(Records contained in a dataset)
^^^^^^^^

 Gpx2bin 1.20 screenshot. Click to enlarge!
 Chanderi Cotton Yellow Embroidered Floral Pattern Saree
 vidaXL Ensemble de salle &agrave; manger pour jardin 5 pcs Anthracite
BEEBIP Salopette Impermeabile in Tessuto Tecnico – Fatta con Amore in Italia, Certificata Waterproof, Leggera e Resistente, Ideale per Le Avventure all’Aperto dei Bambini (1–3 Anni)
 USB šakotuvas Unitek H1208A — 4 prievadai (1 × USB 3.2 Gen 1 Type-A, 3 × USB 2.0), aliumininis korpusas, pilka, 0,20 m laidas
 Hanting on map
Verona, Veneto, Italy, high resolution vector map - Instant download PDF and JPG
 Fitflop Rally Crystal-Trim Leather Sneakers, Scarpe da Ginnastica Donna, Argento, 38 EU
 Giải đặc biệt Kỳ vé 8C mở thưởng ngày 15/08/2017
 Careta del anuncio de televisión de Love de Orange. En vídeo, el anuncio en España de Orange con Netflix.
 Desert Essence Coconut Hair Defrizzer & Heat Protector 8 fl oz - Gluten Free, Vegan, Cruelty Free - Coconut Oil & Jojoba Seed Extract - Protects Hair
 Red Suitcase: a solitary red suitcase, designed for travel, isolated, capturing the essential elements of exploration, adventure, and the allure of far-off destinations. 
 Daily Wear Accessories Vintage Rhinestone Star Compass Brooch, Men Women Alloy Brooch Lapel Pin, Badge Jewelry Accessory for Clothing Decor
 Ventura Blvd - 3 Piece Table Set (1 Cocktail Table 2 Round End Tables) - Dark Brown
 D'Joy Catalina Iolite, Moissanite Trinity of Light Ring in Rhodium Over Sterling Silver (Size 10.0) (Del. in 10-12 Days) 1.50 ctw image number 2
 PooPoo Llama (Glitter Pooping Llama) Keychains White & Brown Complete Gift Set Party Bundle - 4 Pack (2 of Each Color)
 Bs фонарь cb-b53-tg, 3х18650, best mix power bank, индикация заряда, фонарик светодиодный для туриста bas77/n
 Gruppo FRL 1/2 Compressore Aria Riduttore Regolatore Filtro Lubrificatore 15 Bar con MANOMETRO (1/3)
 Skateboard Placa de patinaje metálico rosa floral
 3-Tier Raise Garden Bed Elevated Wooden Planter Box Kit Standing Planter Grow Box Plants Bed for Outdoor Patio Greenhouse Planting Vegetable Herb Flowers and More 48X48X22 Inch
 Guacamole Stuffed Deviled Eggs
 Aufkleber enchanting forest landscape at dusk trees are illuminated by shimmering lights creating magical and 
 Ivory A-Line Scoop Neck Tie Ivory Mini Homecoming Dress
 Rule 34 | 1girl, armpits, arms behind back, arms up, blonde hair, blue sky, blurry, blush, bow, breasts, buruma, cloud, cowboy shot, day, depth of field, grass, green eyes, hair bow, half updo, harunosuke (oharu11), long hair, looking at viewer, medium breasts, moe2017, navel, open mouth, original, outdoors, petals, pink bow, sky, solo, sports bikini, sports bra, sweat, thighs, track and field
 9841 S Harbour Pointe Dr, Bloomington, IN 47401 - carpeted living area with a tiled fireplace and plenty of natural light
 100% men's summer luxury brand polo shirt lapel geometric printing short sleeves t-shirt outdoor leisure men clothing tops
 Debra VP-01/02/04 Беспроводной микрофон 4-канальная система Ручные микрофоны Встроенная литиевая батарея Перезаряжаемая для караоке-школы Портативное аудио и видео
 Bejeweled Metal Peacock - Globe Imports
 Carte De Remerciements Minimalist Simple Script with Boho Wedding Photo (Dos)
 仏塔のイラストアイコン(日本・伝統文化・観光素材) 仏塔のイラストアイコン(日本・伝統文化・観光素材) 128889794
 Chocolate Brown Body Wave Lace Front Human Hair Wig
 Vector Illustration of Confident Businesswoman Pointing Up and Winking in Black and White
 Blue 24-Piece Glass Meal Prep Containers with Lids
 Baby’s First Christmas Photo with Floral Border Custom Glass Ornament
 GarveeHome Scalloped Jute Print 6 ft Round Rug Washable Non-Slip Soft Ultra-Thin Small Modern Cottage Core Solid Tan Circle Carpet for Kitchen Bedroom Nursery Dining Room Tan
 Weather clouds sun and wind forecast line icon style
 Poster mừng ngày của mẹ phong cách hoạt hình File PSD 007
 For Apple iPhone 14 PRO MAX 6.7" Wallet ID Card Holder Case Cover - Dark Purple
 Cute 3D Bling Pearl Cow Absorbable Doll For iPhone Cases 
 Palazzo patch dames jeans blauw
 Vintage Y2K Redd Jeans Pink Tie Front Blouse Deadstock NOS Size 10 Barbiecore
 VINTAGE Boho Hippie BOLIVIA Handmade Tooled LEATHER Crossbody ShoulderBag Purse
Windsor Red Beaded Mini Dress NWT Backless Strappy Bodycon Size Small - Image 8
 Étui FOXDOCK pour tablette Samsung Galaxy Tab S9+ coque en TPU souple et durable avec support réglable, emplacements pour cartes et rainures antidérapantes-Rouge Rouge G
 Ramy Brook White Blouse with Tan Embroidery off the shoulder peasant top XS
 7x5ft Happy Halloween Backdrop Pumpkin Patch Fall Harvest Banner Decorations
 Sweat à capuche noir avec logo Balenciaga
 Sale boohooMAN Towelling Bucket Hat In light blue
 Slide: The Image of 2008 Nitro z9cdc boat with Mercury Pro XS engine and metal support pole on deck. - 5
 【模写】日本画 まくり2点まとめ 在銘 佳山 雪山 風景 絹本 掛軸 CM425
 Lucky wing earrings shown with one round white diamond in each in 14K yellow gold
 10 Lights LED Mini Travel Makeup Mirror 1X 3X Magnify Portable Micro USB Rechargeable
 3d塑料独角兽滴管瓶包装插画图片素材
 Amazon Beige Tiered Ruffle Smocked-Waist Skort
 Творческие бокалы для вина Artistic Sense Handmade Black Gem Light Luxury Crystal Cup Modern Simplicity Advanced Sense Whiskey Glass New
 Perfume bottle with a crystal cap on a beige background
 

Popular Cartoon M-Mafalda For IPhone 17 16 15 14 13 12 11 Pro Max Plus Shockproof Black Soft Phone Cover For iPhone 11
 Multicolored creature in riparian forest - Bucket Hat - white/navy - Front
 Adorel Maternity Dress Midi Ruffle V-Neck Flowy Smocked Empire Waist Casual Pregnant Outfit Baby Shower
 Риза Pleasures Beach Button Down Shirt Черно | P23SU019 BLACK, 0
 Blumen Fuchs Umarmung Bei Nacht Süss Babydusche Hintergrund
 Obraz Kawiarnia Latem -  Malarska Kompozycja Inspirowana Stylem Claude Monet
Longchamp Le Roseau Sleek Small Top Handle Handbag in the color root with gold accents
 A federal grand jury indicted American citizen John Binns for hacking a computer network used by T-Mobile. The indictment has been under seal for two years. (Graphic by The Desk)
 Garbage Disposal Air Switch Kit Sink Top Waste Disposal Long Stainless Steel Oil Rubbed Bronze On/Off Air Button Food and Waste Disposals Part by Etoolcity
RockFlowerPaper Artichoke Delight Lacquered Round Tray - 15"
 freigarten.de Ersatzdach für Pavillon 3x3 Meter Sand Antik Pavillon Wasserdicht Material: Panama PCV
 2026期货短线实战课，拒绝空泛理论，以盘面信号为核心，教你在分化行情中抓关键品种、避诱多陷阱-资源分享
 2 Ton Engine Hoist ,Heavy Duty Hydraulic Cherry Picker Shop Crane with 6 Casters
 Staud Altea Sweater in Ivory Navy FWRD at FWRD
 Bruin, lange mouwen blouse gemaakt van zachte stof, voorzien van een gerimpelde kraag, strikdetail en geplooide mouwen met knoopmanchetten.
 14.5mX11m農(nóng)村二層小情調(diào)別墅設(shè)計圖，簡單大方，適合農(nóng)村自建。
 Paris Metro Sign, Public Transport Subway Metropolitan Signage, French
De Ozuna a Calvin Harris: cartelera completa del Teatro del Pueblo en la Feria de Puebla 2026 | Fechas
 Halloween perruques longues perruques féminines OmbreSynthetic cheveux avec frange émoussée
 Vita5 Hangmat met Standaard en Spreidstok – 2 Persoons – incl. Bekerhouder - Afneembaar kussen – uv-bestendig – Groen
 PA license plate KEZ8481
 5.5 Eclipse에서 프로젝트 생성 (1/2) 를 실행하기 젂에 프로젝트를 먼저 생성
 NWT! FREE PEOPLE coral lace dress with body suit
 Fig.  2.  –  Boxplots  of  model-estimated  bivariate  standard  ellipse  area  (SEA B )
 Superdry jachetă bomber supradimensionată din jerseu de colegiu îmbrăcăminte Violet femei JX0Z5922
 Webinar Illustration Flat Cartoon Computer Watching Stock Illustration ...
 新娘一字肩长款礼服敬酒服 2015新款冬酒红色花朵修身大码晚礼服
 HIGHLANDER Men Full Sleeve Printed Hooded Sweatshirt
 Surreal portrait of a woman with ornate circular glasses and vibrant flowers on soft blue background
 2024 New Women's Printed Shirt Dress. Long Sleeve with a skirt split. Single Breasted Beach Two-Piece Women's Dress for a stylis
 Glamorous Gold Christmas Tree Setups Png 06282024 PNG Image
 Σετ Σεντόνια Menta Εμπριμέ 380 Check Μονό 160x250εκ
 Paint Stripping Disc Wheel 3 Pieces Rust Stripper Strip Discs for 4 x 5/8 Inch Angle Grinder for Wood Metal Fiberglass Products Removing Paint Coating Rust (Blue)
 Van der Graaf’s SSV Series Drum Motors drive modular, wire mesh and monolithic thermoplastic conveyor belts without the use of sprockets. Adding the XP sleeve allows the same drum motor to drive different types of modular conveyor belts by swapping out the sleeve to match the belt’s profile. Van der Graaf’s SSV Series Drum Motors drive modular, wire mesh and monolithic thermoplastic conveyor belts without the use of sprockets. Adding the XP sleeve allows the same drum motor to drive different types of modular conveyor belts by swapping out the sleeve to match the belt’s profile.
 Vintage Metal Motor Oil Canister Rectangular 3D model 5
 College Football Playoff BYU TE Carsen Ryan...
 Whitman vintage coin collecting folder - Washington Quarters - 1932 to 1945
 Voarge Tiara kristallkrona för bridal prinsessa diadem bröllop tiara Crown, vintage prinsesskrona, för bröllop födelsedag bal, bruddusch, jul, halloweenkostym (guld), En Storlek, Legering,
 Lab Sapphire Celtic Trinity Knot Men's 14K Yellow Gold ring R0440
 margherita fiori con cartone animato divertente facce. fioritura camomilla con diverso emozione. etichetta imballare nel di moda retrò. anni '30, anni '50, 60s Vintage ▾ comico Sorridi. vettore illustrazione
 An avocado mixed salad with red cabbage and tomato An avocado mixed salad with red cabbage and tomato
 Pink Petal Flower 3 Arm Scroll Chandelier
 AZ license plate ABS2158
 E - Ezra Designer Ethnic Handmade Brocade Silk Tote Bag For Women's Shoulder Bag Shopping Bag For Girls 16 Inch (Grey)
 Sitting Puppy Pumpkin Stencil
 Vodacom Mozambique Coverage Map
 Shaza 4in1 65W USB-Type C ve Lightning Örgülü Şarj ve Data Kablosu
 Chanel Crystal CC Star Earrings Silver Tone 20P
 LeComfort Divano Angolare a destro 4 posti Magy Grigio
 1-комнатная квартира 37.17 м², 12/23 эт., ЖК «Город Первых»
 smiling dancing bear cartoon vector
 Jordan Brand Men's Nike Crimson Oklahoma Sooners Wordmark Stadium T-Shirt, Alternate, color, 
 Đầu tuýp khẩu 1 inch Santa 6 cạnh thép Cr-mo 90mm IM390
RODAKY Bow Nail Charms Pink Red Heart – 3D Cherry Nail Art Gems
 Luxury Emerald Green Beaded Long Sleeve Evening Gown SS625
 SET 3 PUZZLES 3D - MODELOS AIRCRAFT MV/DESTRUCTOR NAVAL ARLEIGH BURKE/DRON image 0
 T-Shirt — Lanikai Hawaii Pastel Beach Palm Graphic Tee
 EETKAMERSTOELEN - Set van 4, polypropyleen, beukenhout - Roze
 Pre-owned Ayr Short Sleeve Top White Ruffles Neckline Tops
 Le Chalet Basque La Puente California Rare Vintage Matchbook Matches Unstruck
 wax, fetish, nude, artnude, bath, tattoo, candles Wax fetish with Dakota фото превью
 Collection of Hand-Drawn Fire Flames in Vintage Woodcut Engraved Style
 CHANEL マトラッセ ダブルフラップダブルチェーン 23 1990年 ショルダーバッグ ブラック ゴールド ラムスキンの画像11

^^^^^^^^

**Your objective**
What is needed is every line from the start of the entries through the line containing "Giải đặc biệt", returned word for word and nothing else.

**Result of this exercise**
 Gpx2bin 1.20 screenshot. Click to enlarge!
 Chanderi Cotton Yellow Embroidered Floral Pattern Saree
 vidaXL Ensemble de salle &agrave; manger pour jardin 5 pcs Anthracite
BEEBIP Salopette Impermeabile in Tessuto Tecnico – Fatta con Amore in Italia, Certificata Waterproof, Leggera e Resistente, Ideale per Le Avventure all’Aperto dei Bambini (1–3 Anni)
 USB šakotuvas Unitek H1208A — 4 prievadai (1 × USB 3.2 Gen 1 Type-A, 3 × USB 2.0), aliumininis korpusas, pilka, 0,20 m laidas
 Hanting on map
Verona, Veneto, Italy, high resolution vector map - Instant download PDF and JPG
 Fitflop Rally Crystal-Trim Leather Sneakers, Scarpe da Ginnastica Donna, Argento, 38 EU
 Giải đặc biệt Kỳ vé 8C mở thưởng ngày 15/08/2017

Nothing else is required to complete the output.